- East Noel Location in Nova Scotia
- Coordinates: 45°18′14″N 63°42′11″W﻿ / ﻿45.30389°N 63.70306°W
- Country: Canada
- Province: Nova Scotia
- County: Hants County
- Municipality: East Hants Municipality
- Elevation: 10–60 m (33–197 ft)
- Time zone: UTC-4 (AST)
- • Summer (DST): UTC-3 (ADT)
- Canadian Postal Code: B0N
- Area code: 902
- Telephone Exchange: 883
- NTS Map: 011E05
- GNBC Code: CAKUW

= East Noel, Nova Scotia =

Community in Nova Scotia, Canada

East Noel is an unincorporated community in the Canadian province of Nova Scotia, located in East Hants Municipality in Hants County. The community is sometimes referred to as Densmores Mills, a locality within East Noel.

==History==
===Acadians===

East Noel may have been Vil Robere - first settled by the Robert Henry family. Dwellings marked on contemporaneous maps suggest that the village around the Noel Bay was much larger than any other along the shore. These maps suggest that around the Noel Bay there may have been two villages - Vil Noel to the west and Vil Robere to the east in present-day East Noel. The fact that Vil Robere was the first village established might lend itself to the strong possibility that Noel Doiron would likely have joined his brother-in-law in the Noel Bay, which also suggests that Vil Robere is East Noel.

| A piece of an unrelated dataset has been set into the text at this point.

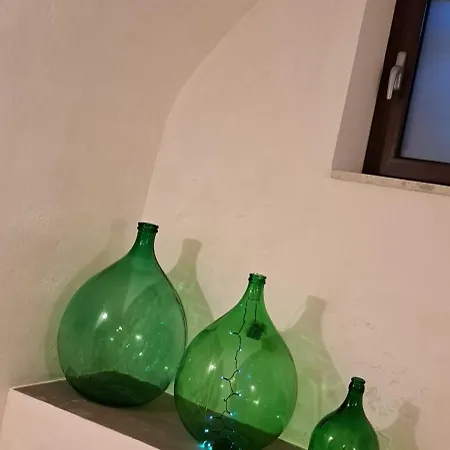 Dogana Bed & Breakfast *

Alternatively, there is evidence to suggest that Vil Robere is Selma, Nova Scotia.

===Ulster Scots (Irish)===

After the exodus of the Acadians, Francis Densmore was the first to settle the community on the east side of the Noel Bay twenty two years later (1772). The year prior, Timothy O'Brien has begun to settle the west side of the Noel Bay, now known as Noel. Francis and his wife Sarah had the following inscription written on their tombstone in East Noel: "Frank and Sarah were the first settlers of this place."